Dataset content
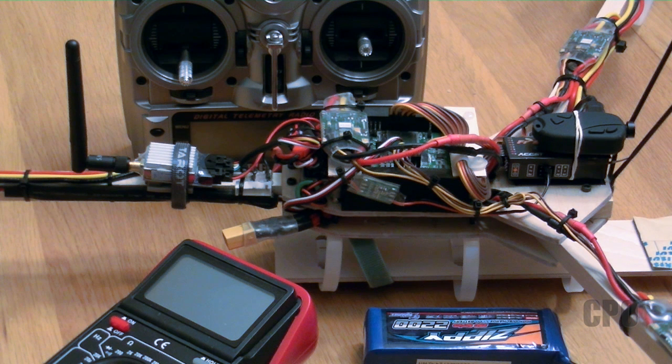Hey there. In this video I'm going to go over basic analog voltage telemetry setup in the Taranis using a FrSky receiver. I was surprised at how challenging it was to find out exactly how to do this. The information is out there, it's just buried in the pile of stuff that is the internet. So hopefully this will bubble some help to the top for you guys.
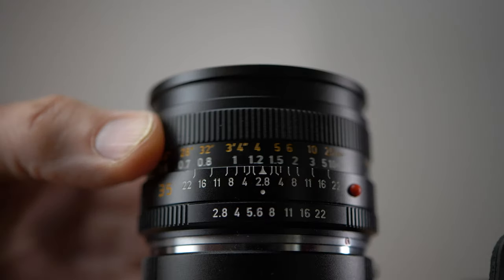After these pictures I'm going to talk a little bit about focusing manually on film camera lenses, my conclusion, and I'm also going to tell which one of these lenses was my favorite. Enjoy the pictures.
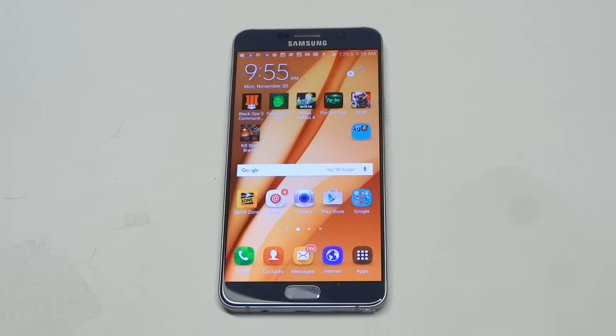What's up you guys? Eddie at FlipTronics. I'm going to give you guys a quick tip on how to close apps on your Galaxy Note 5.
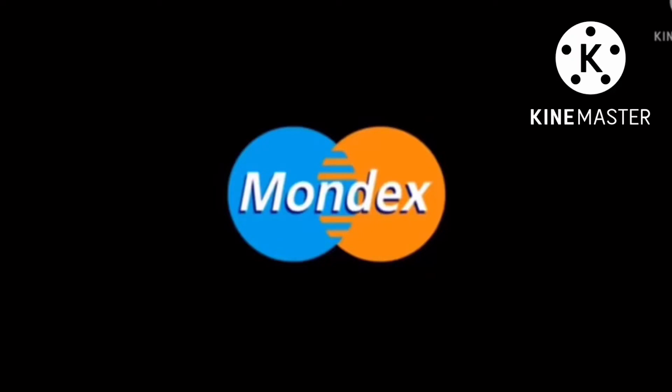Quick note before I start the video: I did not find any more MasterCard animations, so I'm just gonna be using Monix from MasterCard Logo Blue Burst 2.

Directions for this task
Skip the images and write out the rest of the listing exactly.

Output of the exercise
Hey there. In this video I'm going to go over basic analog voltage telemetry setup in the Taranis using a FrSky receiver. I was surprised at how challenging it was to find out exactly how to do this. The information is out there, it's just buried in the pile of stuff that is the internet. So hopefully this will bubble some help to the top for you guys.
After these pictures I'm going to talk a little bit about focusing manually on film camera lenses, my conclusion, and I'm also going to tell which one of these lenses was my favorite. Enjoy the pictures.
What's up you guys? Eddie at FlipTronics. I'm going to give you guys a quick tip on how to close apps on your Galaxy Note 5.
Quick note before I start the video: I did not find any more MasterCard animations, so I'm just gonna be using Monix from MasterCard Logo Blue Burst 2.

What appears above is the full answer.